An object with a mass of #5 kg# is on a surface with a kinetic friction coefficient of # 4 #. How much force is necessary to accelerate the object horizontally at # 32 m/s^2#?

1 Answer
Dec 25, 2015

Answer:

Let us use the #2^"nd"# Newton law in order to get this.

Explanation:

According to Newton #2^"nd"# law, the total force made on a body (i.e. the sum of all forces) is proportional to its acceleration, in this way:

#F_"Total"= sum F = m a#

In our question, there are two forces:
- Our own force, which we are going to call #F_"ours"#.
- The friction force, which we are going to call #F_"fr"#.

Both forces must be summed up, although with opposite sign, because friction always acts against movement.

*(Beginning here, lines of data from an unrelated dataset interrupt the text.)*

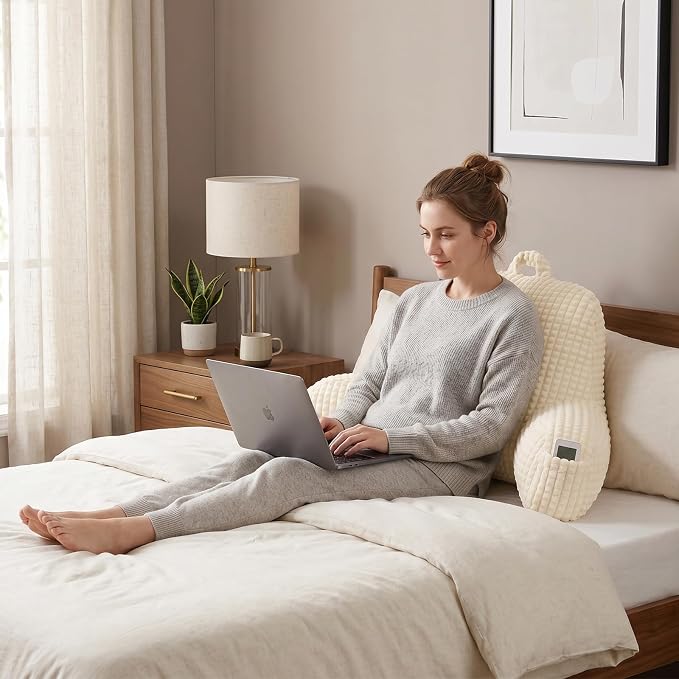 Reading Pillow with Arms for Bed Sitting,White Flannel | Large Supportive Backrest Helps Ease Neck,Shoulder & Arm Strain While Gaming Reading or Watching TV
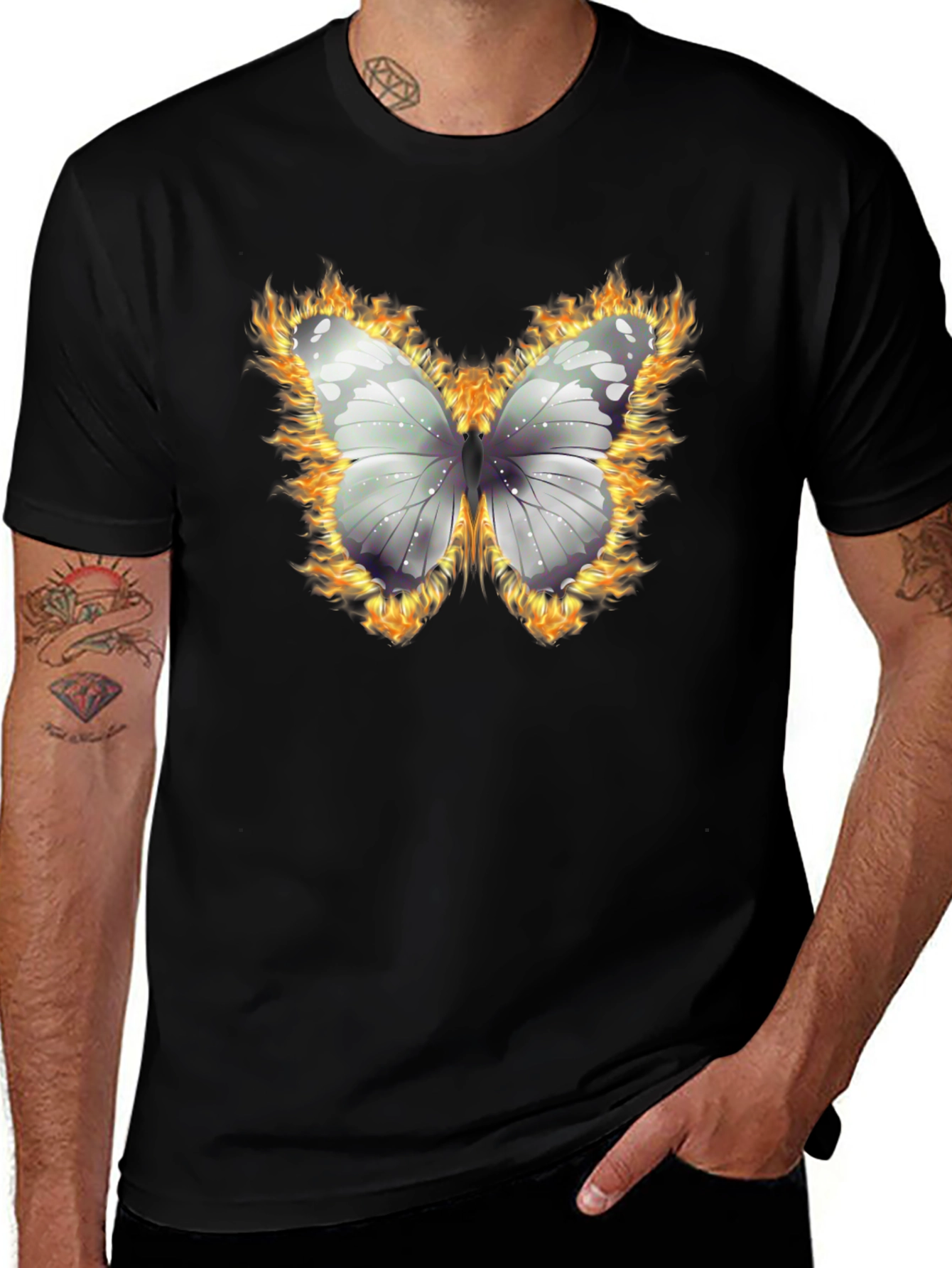 Burning Butterfly Graphic T-Shirt - Black
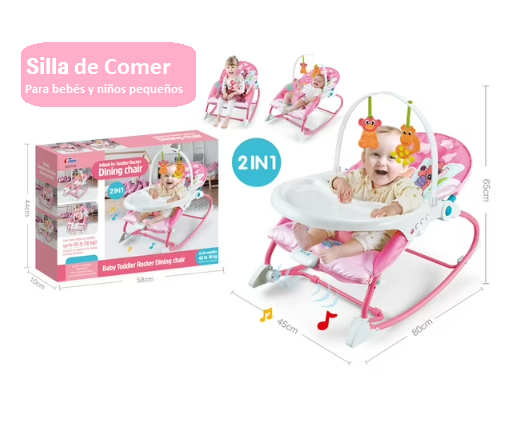 Silla Mecedora 2 En 1 Musical con Vibración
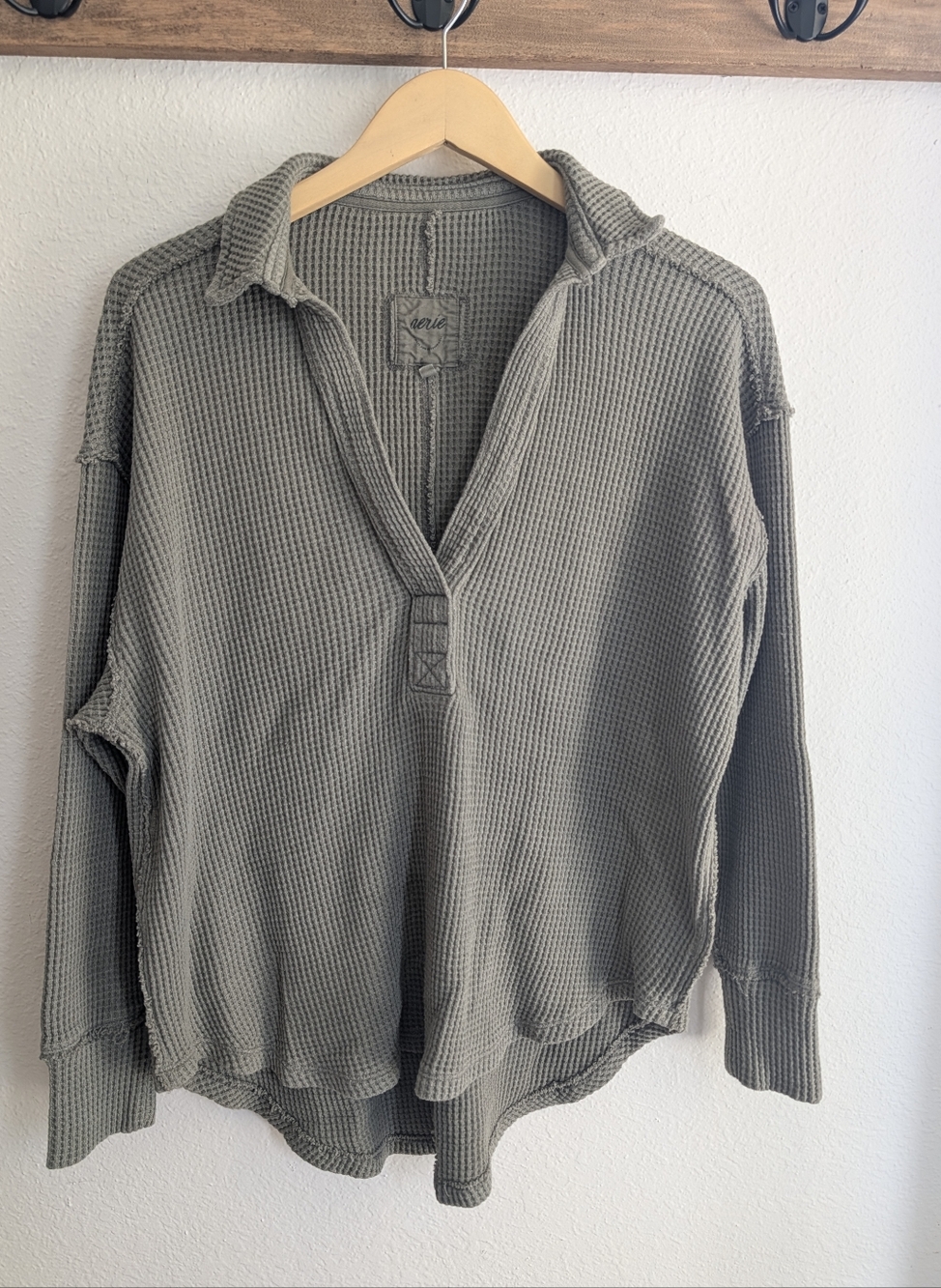 Aerie LumberJane Waffle Polo Shirt Dark Olive Green Size Small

We know that friction force can be obtained by:

#F_"fr" = mu cdot N#

with #mu# being the kinetic friction coefficient, and #N# being the normal force (equals to the weigth of the body in our problem).
So:

#F_"fr" = mu cdot N = mu cdot p = mu cdot (m g) = 4 cdot (5 "kg" cdot 9.8 "m/s"^2) = 196 "N"#

Now that we know this, we can rewrite #2^"nd"# Newton law as:

#sum F = F_"ours" - F_"fr" = m a rightarrow#
#rightarrow F_"ours" = ma + F_"fr" = 5 "kg" cdot 32 "m/s"^2 + 196 "N" = 356 "N"#

So, we must make a force of 356 N in order to move our object with an acceleration of #32 "m/s"^2#.